Access to data
THE Sindh Police`s formal request to the interior ministry to be allowed access to Nadra`s fingerprints` database is a step in the right direction. Police officials have said that access to family records as well as fingerprints stored on Nadra`s system should help the force fight regular crime as well as aid counter-terrorism efforts.
Though the police already have the data of around 200,000 suspects on file, linking up with Nadra will give law-enforcers access to a much wider pool of information, as the authority claims to have the data of over 96 million citizens stored on its system. Currently, Nadra only cooperates with law-enforcement agencies in `high-profile` cases and that too upon the instructions of the interior ministry.

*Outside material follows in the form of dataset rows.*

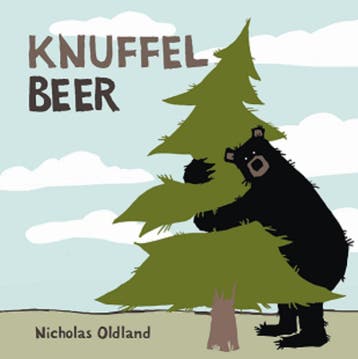 Knuffelbeer [prentenboek] 9789077867426 Nicholas Oldland, Verzenden, Nicholas Oldland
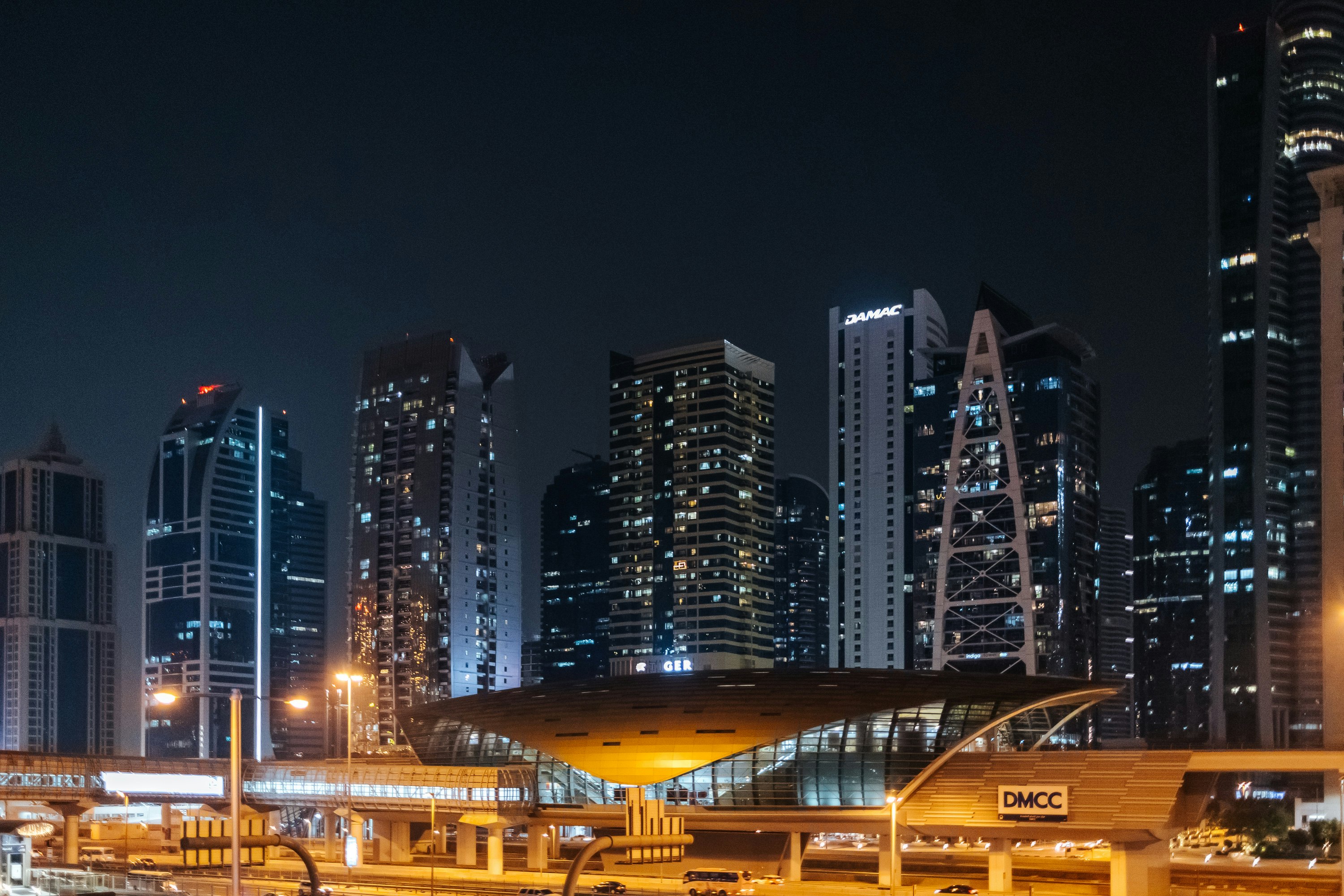 Millennium Place Marina in DUBAI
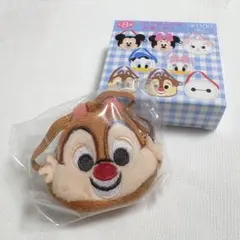 ぬいぐるみポシェット ディズニーストア デール シークレット ポーチ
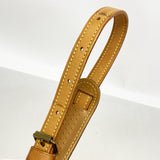 【6fe6498】ルイヴィトン ショルダーバッグ モノグラム トロカデロ30 M51272 ブラウン【中古】レディース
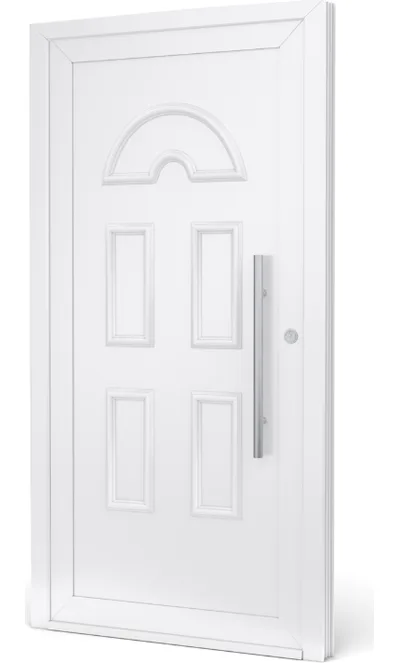 Wzór wypełnienia drzwiowego BL-07 — Veyna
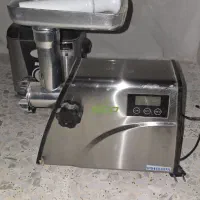 چرخگوشت فیلیپس درحد نو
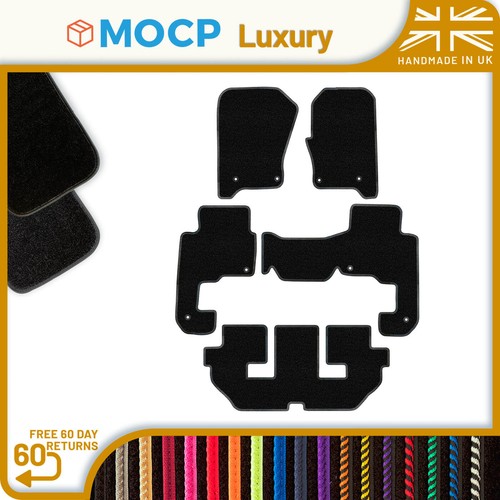 Luxury car mats fit - car, to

It is no secret that police across Pakistan use archaic methods of investigation, and despite many efforts to overhaul the system there has been little tangible success in reforming the police culture. Police officials rarely use methods employing forensic science to probe crimes, while in the past institutions set up to promote scientific investigation of crimes have faced budget cuts. Considering the fact that criminals and terrorists are becoming increasingly high-tech in their operations, it is of utmost importance that law-enforcement agencies keep pace with such elements and use modern scientific methods to investigate and prevent crime. Hence it is hoped that the Sindh Police`s proposal sees the light of day and a working relationship is established between Nadra and all law-enforcement agencies. Police officers must be trained in such a way that obtaining fingerprints and securing crime scenes become standard operating procedure in everything from routine burglaries to acts of terrorism. Also, if the police are indeed granted access to Nadra`s database, the authorities must ensure that citizens` privacy and rights are respected and that the data is not misused.